A Personal Story in a Big Unioverse, by Kevin J. Anderson

Website Administrator
June 1, 2023

This is a guest post by best-selling author Kevin J. Anderson (Clockwork Destiny, Gods and Dragons), who has contributed short fiction to the upcoming Unioverse anthology Stories of the Reconvergence, available this August from Hex Publishers.

I’ve given many writers’ workshops and participated in a lot of story challenges. One of my favorite teaching examples is the “purple unicorn story.” If somebody asks you to write a story for an anthology about purple unicorns—and you agree to do it—then you should commit to writing the best damn purple unicorn story you can.

The long history and limitless planets, races, and alien civilizations in the Unioverse allowed me to write the best damn story…period!

I had free reign, and as I studied the parameters and background, the biological underpinnings and the nuances of the space transportation system, I caught an idea connected to love and memories, and the true horrors of a debilitating brain disease, like Alzheimers.

I had just turned 60 when I wrote this story. I’ve watched several of my older relatives fade away from dementia—still alive, but losing themselves and their past entirely. And I had just lost my close friend Neil Peart to glioma, an aggressive form of brain cancer. I thought back to my childhood and some friends I lost then, people I had not thought of in decades, and it struck me that I might be the only person left who even remembers them.

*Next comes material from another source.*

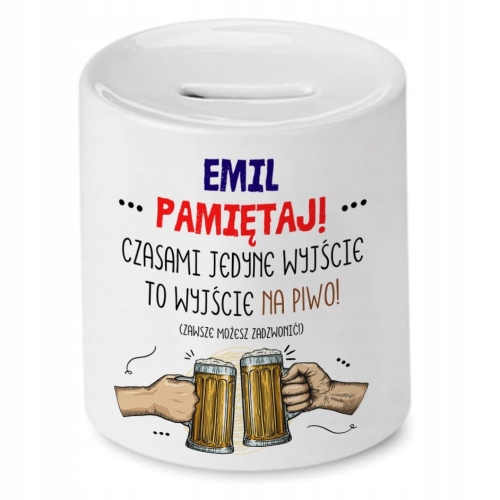 Skarbonka dla Emila na Urodziny na Prezent z Nadrukiem ze Zdjęciem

In the Unioverse, the practice of instantaneous travel through pods, with the re-creation of a cloned body on the other end, provides a person with a clean slate. And I realized that might provide a new hope for someone with a debilitating brain disease.

I was also fascinated by potential stories set in abandoned alien civilizations, ghost towns on unexplored planets. I saw the connection with those lost alien races and their forgotten histories with my character who is also losing his memories. For additional poignancy, I made him a widower, whose wife had died many years earlier. He’s terrified that if he loses his memories of her, then NOBODY will remember. Will it be as if his beloved never existed?

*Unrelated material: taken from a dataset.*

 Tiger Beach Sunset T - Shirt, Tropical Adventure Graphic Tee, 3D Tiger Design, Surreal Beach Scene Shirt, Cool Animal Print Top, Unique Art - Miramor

He can’t stand that thought, so he takes a great gamble … and the story begins.

“Ruins of Memory” turned out to be a deeply emotional and personal story for me, dredging up resonances from my own experiences with a veneer of my losses. I think I was true to my vow of writing the best damn story possible, period. “Ruins of Memory” packs a gut punch, I promise.

When you read it, I hope you enjoy the story, and I hope it draws attention to the amazing possibilities of this universe.